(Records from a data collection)
———

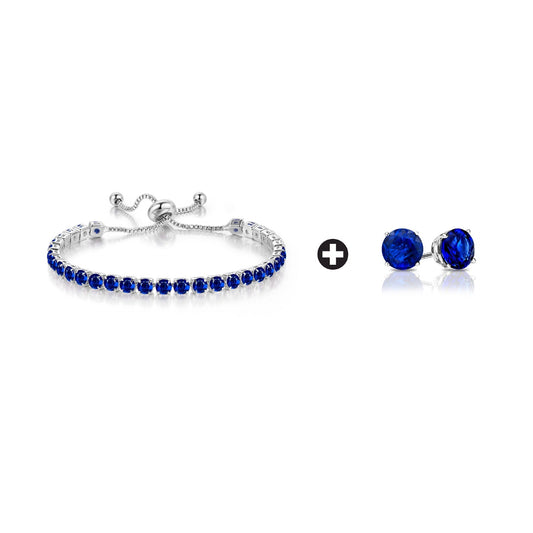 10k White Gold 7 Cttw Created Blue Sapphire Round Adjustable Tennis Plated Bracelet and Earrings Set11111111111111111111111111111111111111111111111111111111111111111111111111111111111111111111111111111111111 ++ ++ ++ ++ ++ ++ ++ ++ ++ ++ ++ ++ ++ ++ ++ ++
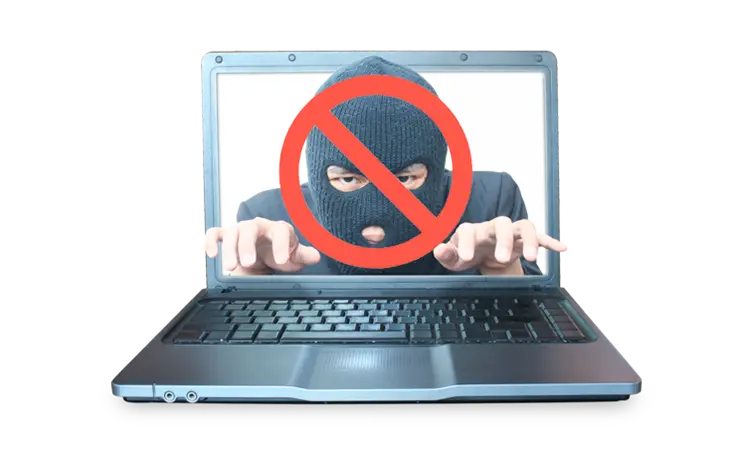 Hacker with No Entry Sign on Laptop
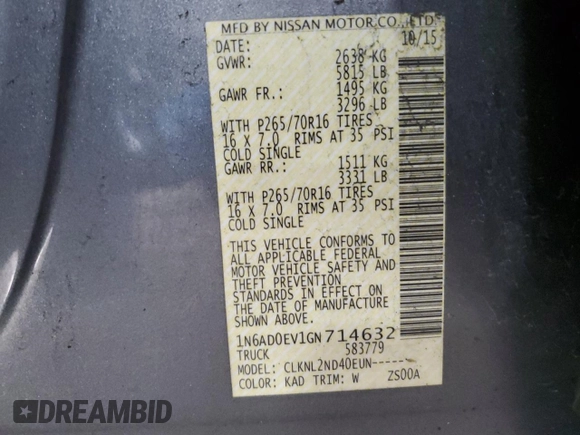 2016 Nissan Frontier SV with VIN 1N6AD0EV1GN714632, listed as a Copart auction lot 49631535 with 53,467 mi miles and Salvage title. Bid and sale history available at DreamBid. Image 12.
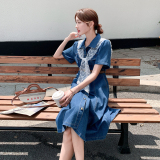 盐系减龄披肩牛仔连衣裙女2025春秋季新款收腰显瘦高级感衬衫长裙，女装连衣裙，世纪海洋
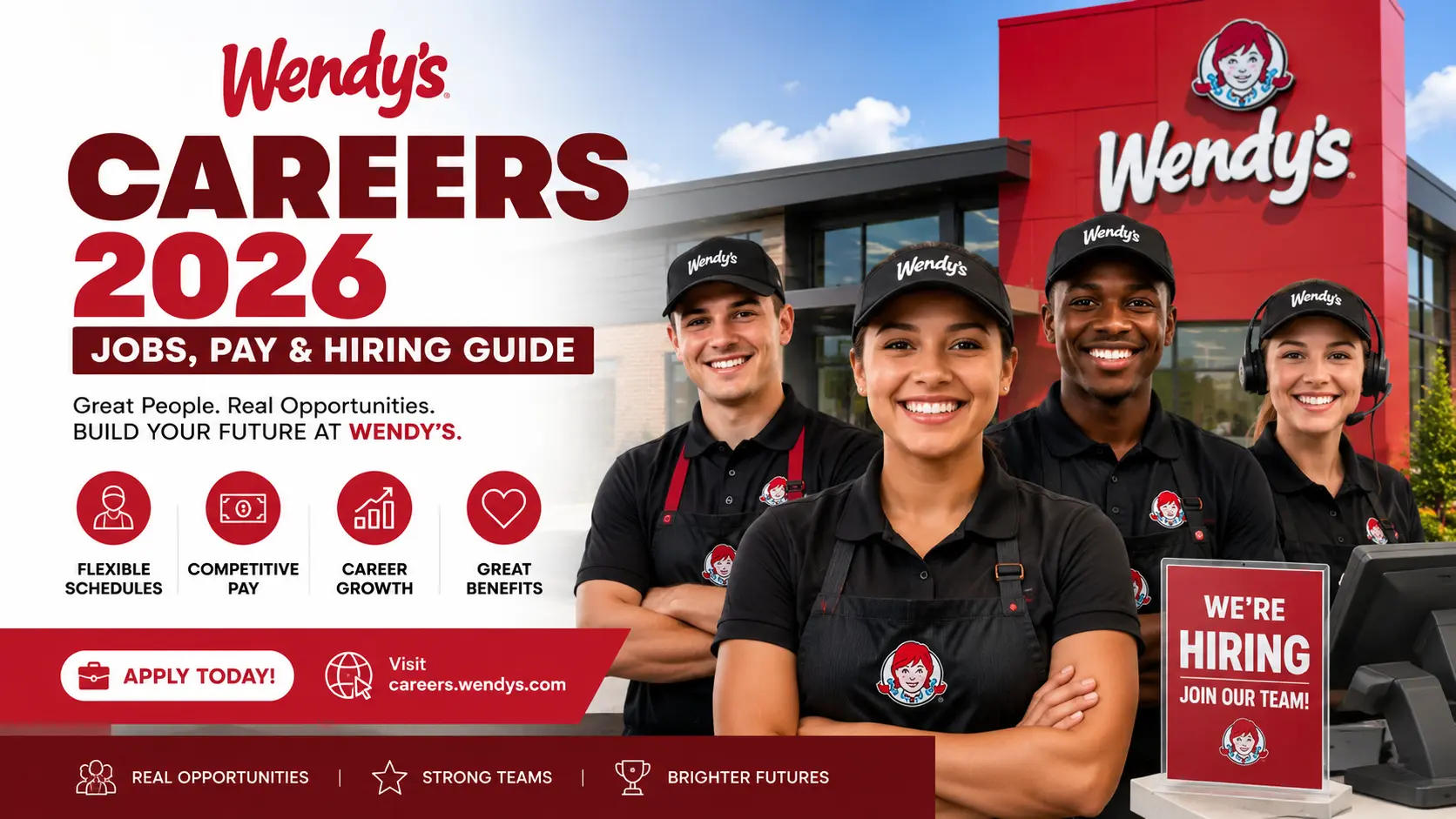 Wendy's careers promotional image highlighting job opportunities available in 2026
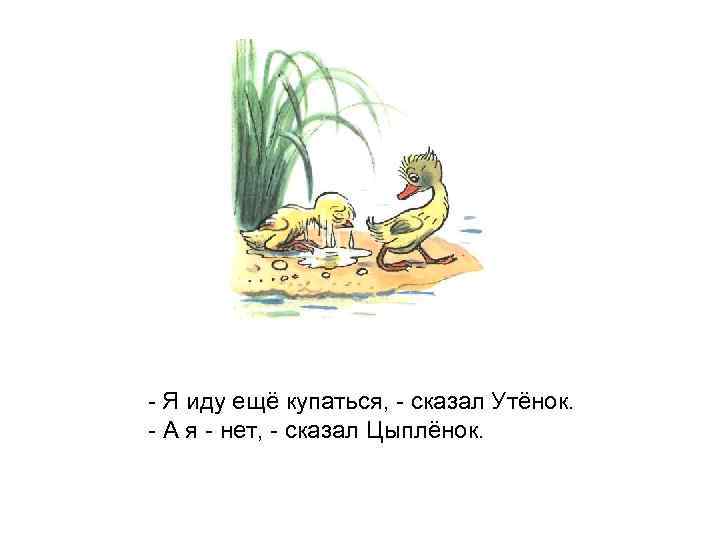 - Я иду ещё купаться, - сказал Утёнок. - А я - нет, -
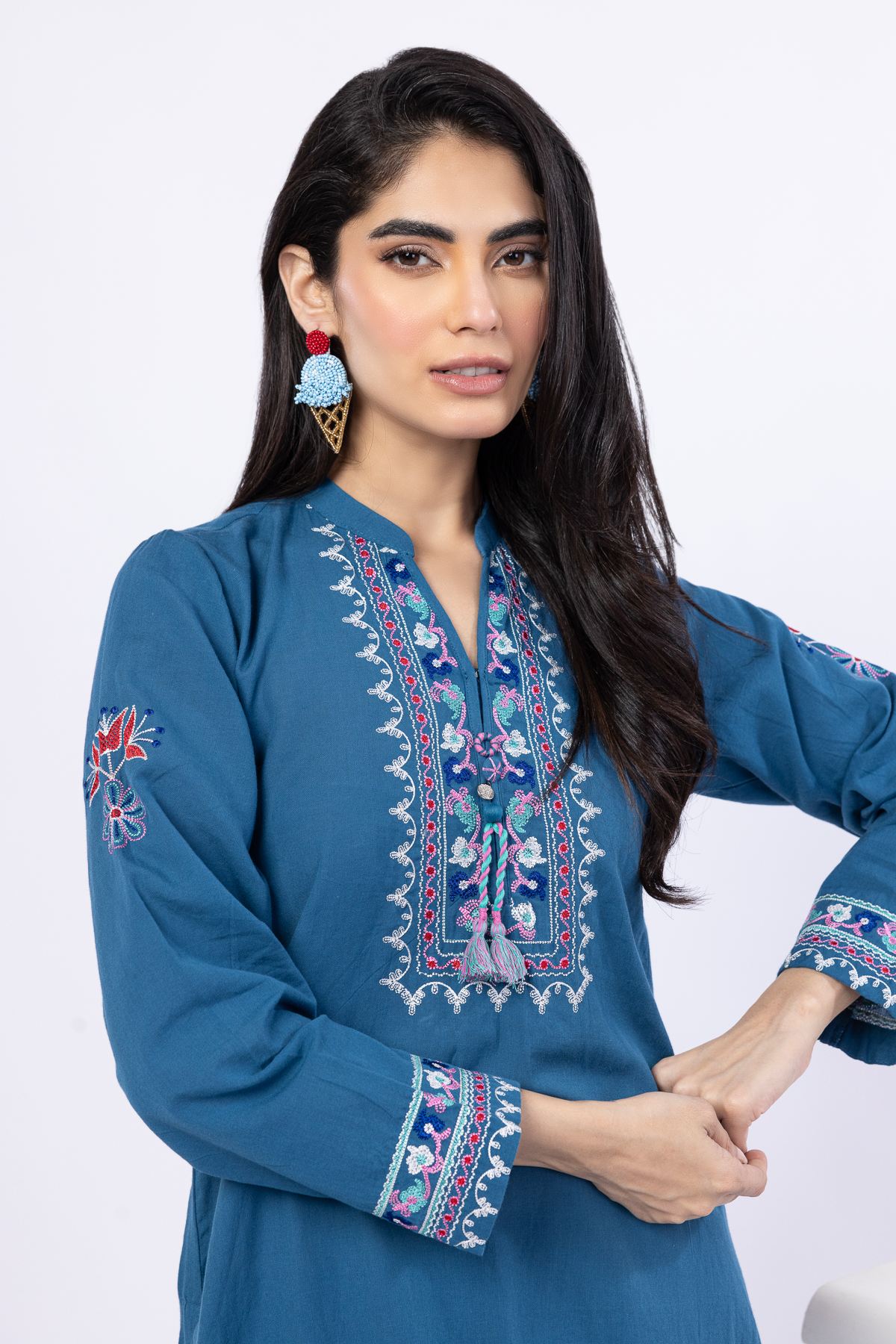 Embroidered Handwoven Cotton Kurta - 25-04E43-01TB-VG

———

_Work to complete_:
The line that contains "Wendy's careers promotional" opens the part to copy, and the last line of the records closes it; set down those lines exactly, pictures excluded.

_Result of this exercise_:
 Wendy's careers promotional image highlighting job opportunities available in 2026
 - Я иду ещё купаться, - сказал Утёнок. - А я - нет, -
 Embroidered Handwoven Cotton Kurta - 25-04E43-01TB-VG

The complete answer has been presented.